Many people struggle to say no to a request for their time, simply because they feel that they are put on the spot when the request is made. Whenever someone asks me to do something, I always say that I have to check my diary and other commitments before I can confirm. This buys me time to decide if I want to commit to this particular request, if I have the time, how I would like it to work and so on. I never feel pressured to commit to anything now and I make much better decisions as result of having some room to think. 

2. Always ask for more information. 

Whenever someone is asking for advice or help in some way, I ask them to send through more information or more specific details and to explain exactly what they would like me to do and when they would like it done by? Once I receive this information I will make a decision. At least half the time I never hear from them again, which shows how committed they were. In other words I won’t commit time or energy until they do the same. 

3. Charge for your time.

As an author and presenter, I have a lot of people contacting me for free advice. Sometimes it can be as many as three hundred emails a week. These are generally in the form of questions about specific aspects of doing business. In the past I tried to answer every one, but it soon became apparent that I would go broke if I spent all of my time answering people’s questions for free. So I introduced a “One on One Package”. This is a $500 product where people can send me their questions and I would offer a Skype consultation and some of my books. I explain very nicely that I run a business that offers advice commercially and interestingly, about one in ten people buy the package. The rest I never hear from again. 

4. Tell a white lie.

I figured this one out many years ago. The day before leaving for a business trip was always incredibly stressful and over committed on every front. I started to tell a white lie about when I was leaving. Specifically I would say I was going a day earlier than I actually was. This gave me a full day in the office (or at home) to get everything done that I needed to do without the last minute panic of clients, suppliers and staff, needing my time. I still do this today, and I leave for every trip feeling relaxed and refreshed instead of stressed out and exhausted. 

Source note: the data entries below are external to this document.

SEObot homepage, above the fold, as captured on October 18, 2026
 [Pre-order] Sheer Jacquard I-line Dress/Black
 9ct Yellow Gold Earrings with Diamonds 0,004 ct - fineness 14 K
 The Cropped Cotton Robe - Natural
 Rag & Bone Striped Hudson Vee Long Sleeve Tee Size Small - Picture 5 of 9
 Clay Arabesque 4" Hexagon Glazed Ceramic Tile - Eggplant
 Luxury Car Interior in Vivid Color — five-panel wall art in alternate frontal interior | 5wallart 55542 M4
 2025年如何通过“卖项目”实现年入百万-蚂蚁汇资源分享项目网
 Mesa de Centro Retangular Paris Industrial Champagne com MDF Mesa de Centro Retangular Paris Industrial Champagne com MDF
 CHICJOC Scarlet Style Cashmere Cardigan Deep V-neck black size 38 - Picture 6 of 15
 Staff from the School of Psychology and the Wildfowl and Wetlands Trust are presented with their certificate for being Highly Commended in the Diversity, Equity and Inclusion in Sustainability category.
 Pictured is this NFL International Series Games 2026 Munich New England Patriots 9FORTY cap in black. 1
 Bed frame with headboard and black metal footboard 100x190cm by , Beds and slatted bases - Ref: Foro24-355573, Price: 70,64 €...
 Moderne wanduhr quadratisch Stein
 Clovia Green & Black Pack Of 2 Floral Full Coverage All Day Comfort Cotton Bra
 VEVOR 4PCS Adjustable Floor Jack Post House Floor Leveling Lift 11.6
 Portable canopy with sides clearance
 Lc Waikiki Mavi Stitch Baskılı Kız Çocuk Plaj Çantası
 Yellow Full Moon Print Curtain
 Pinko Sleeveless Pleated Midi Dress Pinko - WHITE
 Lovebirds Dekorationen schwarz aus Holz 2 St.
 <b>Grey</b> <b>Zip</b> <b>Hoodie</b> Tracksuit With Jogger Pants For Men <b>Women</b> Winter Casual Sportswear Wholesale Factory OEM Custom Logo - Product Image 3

5. Get creative at saying, "Sorry, no can do."

Often the hardest part about being asked to commit to something is how to say no without feeling rude. Several years ago I found that my not for profit pro bono work was getting out of hand. I was spending up to two full days a week doing free work for a handful of charities and it became apparent that if something didn’t change I would soon need the services provided by these organisations. I found saying no to any request for help very hard. So rather than saying no, I reframed how I could help the various charities. I decided to commit a maximum of 8 hours per week and once this was used, that was it. When I received a request for help, I would advise them of how I worked and they could book time in advance, but once I had reached 8 hours for any particular week I was fully committed and that was that. In essence this created a procedure that I could hide behind to help me say no without feeling guilty.

In the crazy fast paced world we live in, it is easy to commit ever minute of every day. Then if one thing goes wrong, everything goes wrong. The compound effect is extremely stressful. In addition to saying "no" we need to find time in our day to play catch up. I suggest scheduling a one-hour time slot every morning and every afternoon to manage the unexpected.  I also schedule at least one day a month to do nothing but work through my pile of incompletes and I have to say it is very therapeutic. 

The better we become at managing commitment, the more effective we will be every aspect of our life.